Anyway, my point is that I think the Civil War would have been one of those minefield subjects that would have been really hard to handle in GTA “mixture of photorealism and high absurdity” style. You’re either going to trivialise it or insert a giant heavy-handed buzzkill into your cowboy game. Mind you, I thought that about Abraham Lincoln: Vampire Hunter, a movie that portrayed the Confederacy as literal monsters. So what do I know?

To tie this back in to Steampunk, what most people think of as “Steampunk” is what I like to think of as “Victorian Scientific Romance.” And that means something not unlike pulp — perhaps without the seamy elements of pulp, but with dashing heroes, dastardly villains, etc. And when your genre expectations contain those things, you wind up with stereotyped portrayals. That’s a feature, not a bug.

But when those stereotyped portrayals are ones that are not quite gone from the actual world we live in, it gets a little … awkward.

No nearer a conclusion than before? Check. No definitive statement of a position? Excellent. My work here is done.

 

Steampunk and representation revisited

One thought on “Steampunk and representation revisited

  1. Trimegistus says:

    Steampunk seems to be the flip side of what you describe about Red Dead Redemption: in the western computer game, everybody is dirty scum, Indians and Mexicans and Americans alike.

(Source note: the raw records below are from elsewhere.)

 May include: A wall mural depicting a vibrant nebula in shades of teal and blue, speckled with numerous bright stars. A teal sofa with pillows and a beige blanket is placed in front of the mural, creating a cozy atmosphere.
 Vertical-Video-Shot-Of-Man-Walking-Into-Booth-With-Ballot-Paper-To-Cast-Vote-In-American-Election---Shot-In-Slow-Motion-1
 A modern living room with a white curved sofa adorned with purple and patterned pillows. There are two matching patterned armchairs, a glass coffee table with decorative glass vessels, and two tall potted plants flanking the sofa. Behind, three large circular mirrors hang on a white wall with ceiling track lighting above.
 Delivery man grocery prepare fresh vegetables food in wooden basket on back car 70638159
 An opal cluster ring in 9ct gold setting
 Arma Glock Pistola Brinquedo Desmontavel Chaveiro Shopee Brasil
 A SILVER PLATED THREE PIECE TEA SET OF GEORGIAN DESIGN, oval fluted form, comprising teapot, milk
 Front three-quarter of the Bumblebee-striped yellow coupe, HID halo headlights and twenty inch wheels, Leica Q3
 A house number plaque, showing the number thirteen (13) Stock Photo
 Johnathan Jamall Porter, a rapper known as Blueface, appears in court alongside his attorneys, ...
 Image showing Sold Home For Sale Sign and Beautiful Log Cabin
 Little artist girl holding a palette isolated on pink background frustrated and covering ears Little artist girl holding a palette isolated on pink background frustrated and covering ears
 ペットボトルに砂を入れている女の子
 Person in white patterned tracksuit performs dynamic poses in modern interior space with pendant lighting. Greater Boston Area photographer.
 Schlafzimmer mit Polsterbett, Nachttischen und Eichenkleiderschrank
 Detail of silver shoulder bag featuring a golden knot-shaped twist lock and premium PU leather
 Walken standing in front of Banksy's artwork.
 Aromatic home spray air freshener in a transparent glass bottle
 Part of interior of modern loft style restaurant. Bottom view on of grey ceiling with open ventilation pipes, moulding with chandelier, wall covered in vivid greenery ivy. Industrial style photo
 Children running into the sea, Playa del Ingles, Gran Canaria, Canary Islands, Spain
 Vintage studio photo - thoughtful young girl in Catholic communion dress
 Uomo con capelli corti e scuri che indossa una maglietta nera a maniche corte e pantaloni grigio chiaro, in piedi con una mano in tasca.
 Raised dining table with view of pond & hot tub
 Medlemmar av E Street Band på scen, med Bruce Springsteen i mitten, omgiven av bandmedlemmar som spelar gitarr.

In Steampunk, everyone is clever and dashing and technically-skilled, British and Sikhs and Africans alike. Steampunk is more obviously ahistorical, because while greedy amoral white Americans weren’t exactly uncommon then (or now), native African Babbage-computer engineers are vanishingly rare (then and now).

    If you do a semi-realistic Steampunk setting, with technically-advanced Englishmen interacting with (essentially) pre-technological Africans, people will yell “Racist!” at you, so writers go with the fantasy. When they’re really scared of being called racist, they make the technically advanced Englishmen greedy and amoral, and make the pre-technological Africans noble and wise, which of course is just as racist, but people who complain about racism don’t complain about that kind of racism, so it’s okay.